You're right, sorry for the confusion.

>> See the very readable paper
>> http://www.linuxshowcase.org/2001/full_papers/massey/massey.pdf
> After reading that paper and browsing around a bit, I think a slightly
> bolder approach might make sense for Haskell, in effect creating XHB ("X
> Protocol Haskell Binding"): I guess that the bulk of the code is in the
> XCB_Protocol layer, and that layer is already generated via an XML
> description for the C binding. If we can use the same technique to
> generate Haskell code, "only" a Haskell version of the connection layer
> would be needed to get a full XHB. This would have a few advantages:
>    * There is no dependency on the XCB library, so XHB should work on
>    *any*
> platform, including e.g. MinGW without any X11 libs. An X11 server is of
> course still needed... :-)
>    * Data is only (un-)marshaled once. Using XCB, there would be 2 steps:
> Haskell <=> C <=> X protocol
>    * The availability of protocol extensions is determined by XHB alone,
>    not
> by any underlying XCB implementation.

I agree that this would be nice. (Disclaimer: I haven't the slightest clue
about XSLT and how it is used to generate code from XML protocol
descriptions. However, I assume this won't be that much harder than to find
some method to 'auto-ffi' the huge XCB_Protocol API into Haskell.)

Have you seen this:

lists.freedesktop.org/archives/xcb/2006-January/001278.html ? The sources
are here http://webcvs.freedesktop.org/xcb/xhsb/ It could be starting
point, at least...

> I am not sure if this is a realistic way to go, especially I am unsure
> about the amount of work needed to implement the functionality of the
> XCB_Connection layer directly in Haskell. 

Yes, this is going to be the most difficult part. I have taken a look at
another XCB paper, which is about the XCB_Connection layer and explains how
the problem has been modeled using the Z specification language
(freedesktop.org/software/xcb/usenix-zxcb.pdf). Very interesting, this. I
wonder if one could derive a Haskell solution (more or less) directly from
the Z spec. Or, maybe, even simplify the spec, leveraging Haskell's more
high-level interface to multithreading (STM?).

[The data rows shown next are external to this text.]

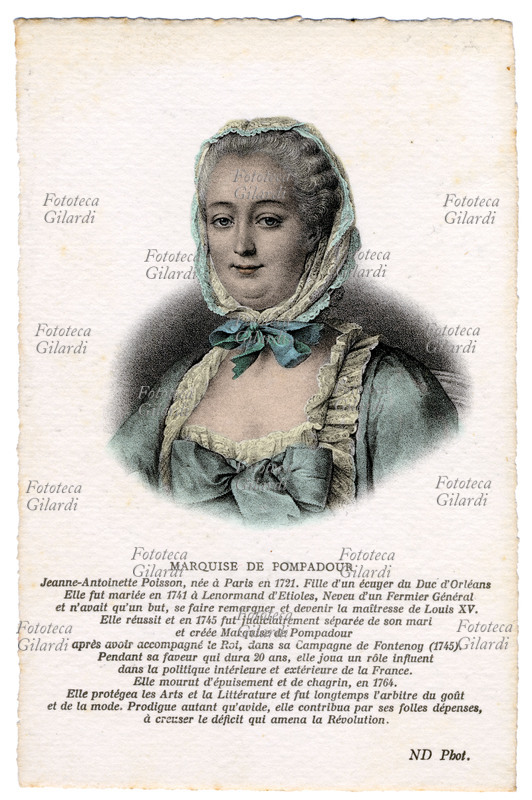 Marquess of POMPADOUR (Jeanne-Antoinette Poisson 1721-1764) Born in Paris, daughter of a squire of the Duke of Orleans, she was married in 1741 to Lenormand d\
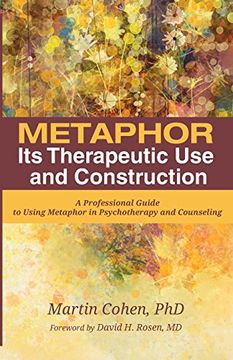 portada Metaphor: Its Therapeutic Use and Construction: A Professional Guide to Using Metaphor in Psychotherapy and Counseling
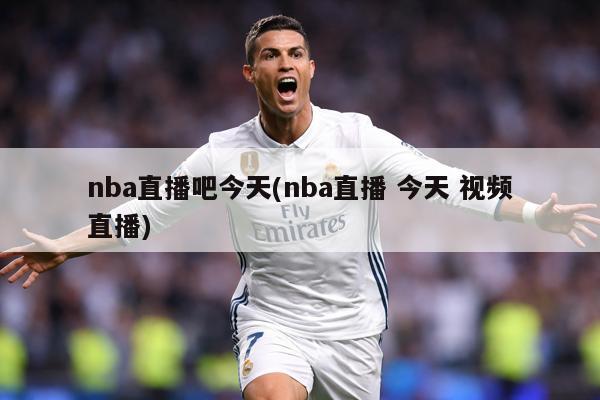nba直播吧今天(nba直播 今天 视频直播)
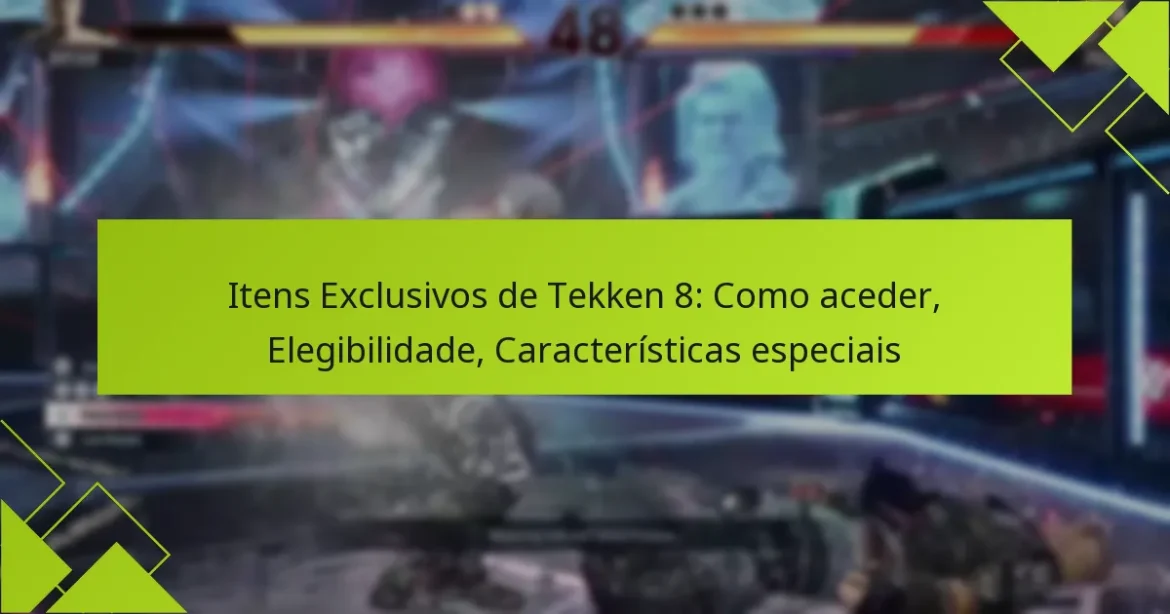 Itens Exclusivos de Tekken 8: Como aceder, Elegibilidade, Características especiais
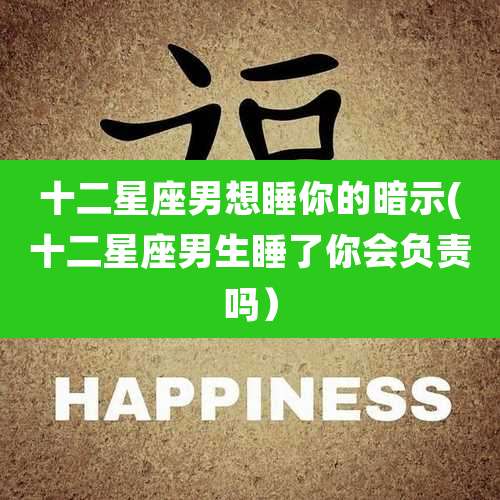 十二星座男想睡你的暗示(十二星座男生睡了你会负责吗)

> Let's see if I can find a more 
> or less stand-alone version of XCB (with no need to build all of X.Org)
> and understand how it is actually implemented.

Sources can be downloaded from the XCB site (a handful of tar.gz files).
Build and install was rather uncomplicated here (debian/etch, amd64).
Unfortunately, freedesktop.org seems to be down at the moment, so none of
the above links will work until they are online again.